Saturday, January 23, 2016

Substantial Coastal Flooding Underway along Mid-Atlantic Coast

Winter Storm Jonas is developing a deepening low pressure center off the Mid-Atlantic Coast this morning. Strong onshore winds have arrived earlier than originally forecast, enabling the storm to already generate a storm surge exceeding 3 ft (0.91m) in some areas. This is bad timing because this storm surge has arrived before the highest high tide of the day, which will occur over the next 2-3 hours in most locations.

Webcams in Atlantic City depict heavy snow, strong winds, and storm surge rapidly moving onshore as high tide approaches.

Here is a tabular update of what is happening, according to NOAA Tides and Currents:

LOCATION           DATE      TIME       SURGE   TOTAL WATER(TW)    FORECAST TW
Chesapeake, VA    Jan 23       5:24AM    3.42 ft     5.47 ft above MLLW      ~6.7 ft @ 7:30AM

Cape May, NJ       Jan 23       5:24AM    2.40 ft     6.14 ft above MLLW      ~8.4 ft @ 7:42AM

Atlantic City, NJ  Jan 23       5:24 AM    2.90 ft     7.19 ft above MLLW     ~7.9 ft @ 6:36AM



The Jersey Shore is already observing storm surge levels approaching 3 ft (0.91 m) above normal, as the highest high tide of the day approaches. Image: www.tidesandcurrents.noaa.gov.

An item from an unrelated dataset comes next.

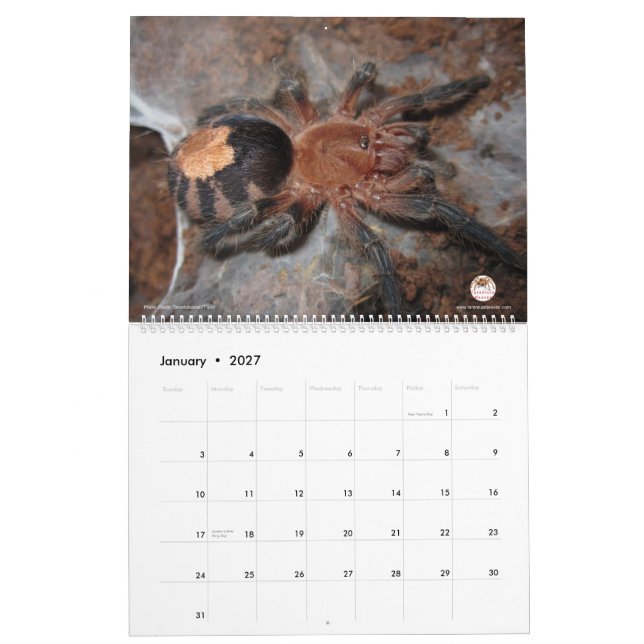 Calendário do Tarantula para 2018 (Jan 2027)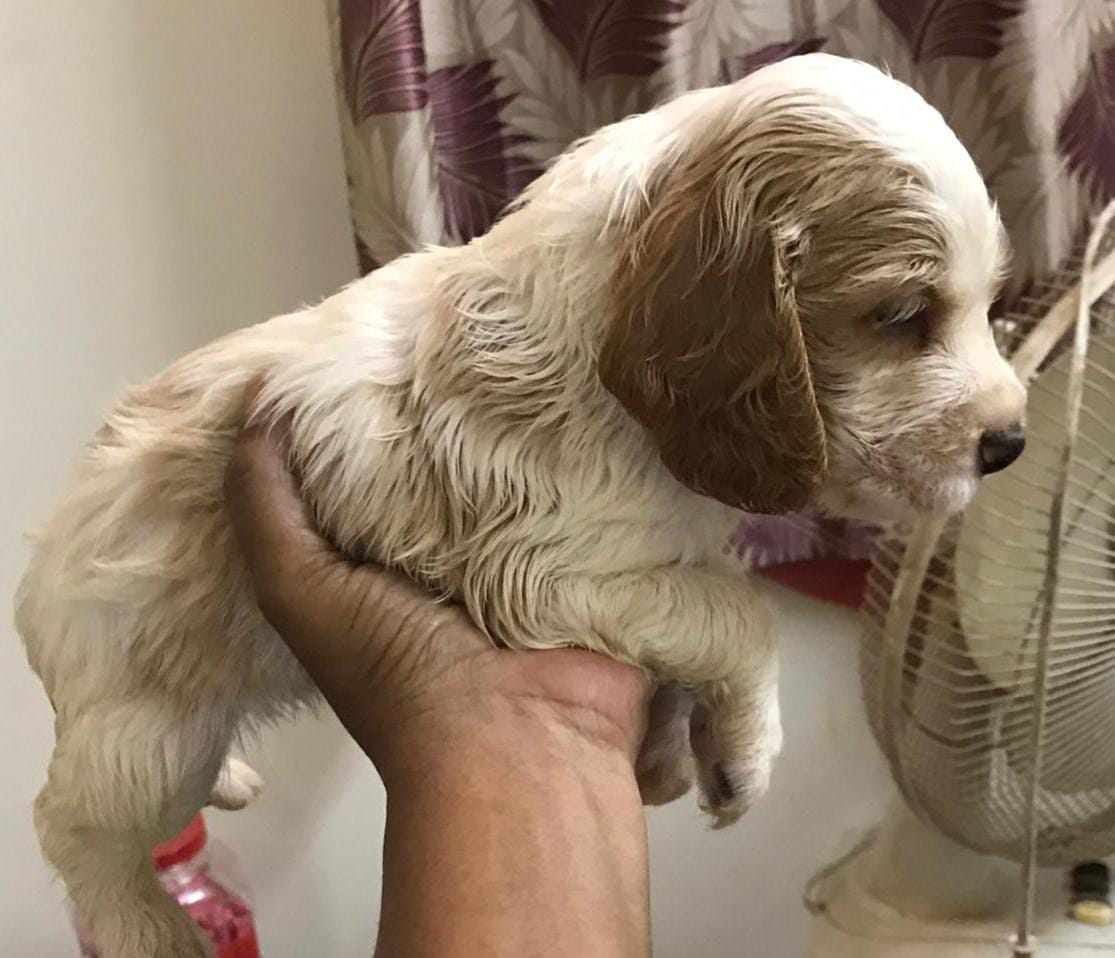 cocker spaniel for sale in nagpur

My biggest concern is the rapid water level rise along the Jersey Shore, in places like Atlantic City. The highest high tide of the day, and one of the highest high tides of the month, will occur in the next hour at Atlantic City, which would have already created a high water event even if there was no storm. Much of the Jersey Shore will experience substantial coastal flooding today, particularly around the times of high tides.